Why Gratitude Matters for Entrepreneurs
Building an online business as a part-time entrepreneur is hard. There are late nights, missed targets, technical disasters, and long stretches where it feels like nothing is working. In those moments, it is easy to focus on what is going wrong and forget everything that is going right.
Gratitude does not fix your broken landing page or increase your conversion rates. But it does something arguably more important: it keeps you going. When you take time to recognize what you have built, the skills you have developed, and the people who support you, it becomes much harder to quit.
Three Things Worth Being Grateful For in Your Business
The ability to create. You live in an era where you can publish your ideas to the world for essentially free. You can start a blog, launch a podcast, build a course, or create a product and reach a global audience from your kitchen table. This was not possible for most of human history. It is extraordinary, and we take it for granted every day.
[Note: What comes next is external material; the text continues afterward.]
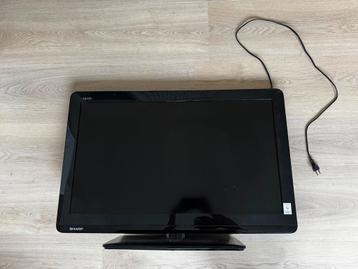 Scherpe 32-inch lcd-tv beschikbaar voor biedingen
Your audience, no matter how small. Whether you have ten email subscribers or ten thousand, those are real people who chose to give you their attention. That is a gift. Every subscriber, every listener, every reader is someone who said, “I think this person has something worth hearing.” Do not take that for granted.
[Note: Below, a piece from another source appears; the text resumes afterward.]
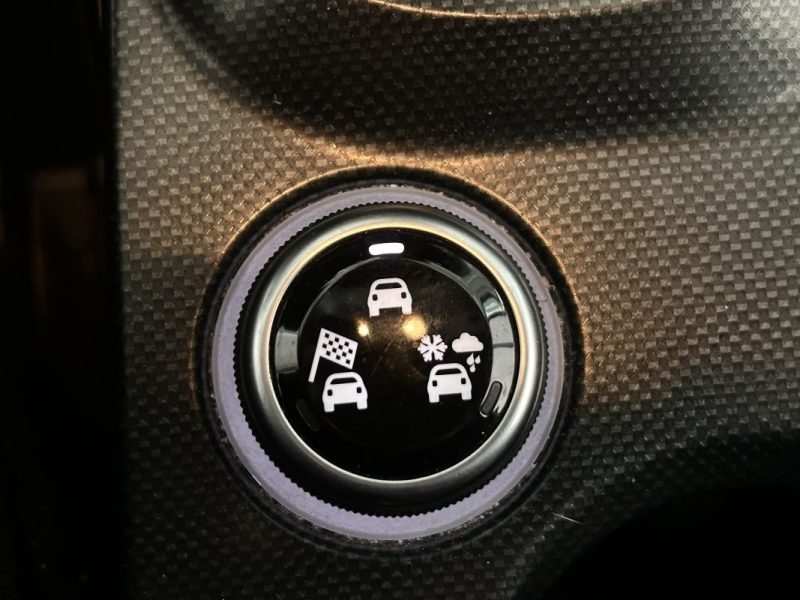 FIAT 500X 120 CV POP STAR / KEYLESS / MULTIMEDIA / MODE DE CONDUITE / CLIM BI-ZONE / REGULATEUR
The lessons from failure. Every failed product launch, every blog post that nobody read, every marketing campaign that did not convert taught you something. Those lessons compound over time into the experience and judgment that eventually make your business work. The failures are not wasted effort. They are tuition.
Make Gratitude a Regular Practice
I am not talking about anything complicated. Before you close your laptop at the end of a late-night work session, take thirty seconds to identify one thing that went well. One small win. One piece of progress. Write it down if you want to, or just acknowledge it mentally.
This small habit will not transform your business overnight, but it will change how you feel about the work over time. And how you feel about the work directly affects whether you keep doing it.
So this Thanksgiving, and every day after it, take a moment to be grateful for what you have built. Then get back to work building more.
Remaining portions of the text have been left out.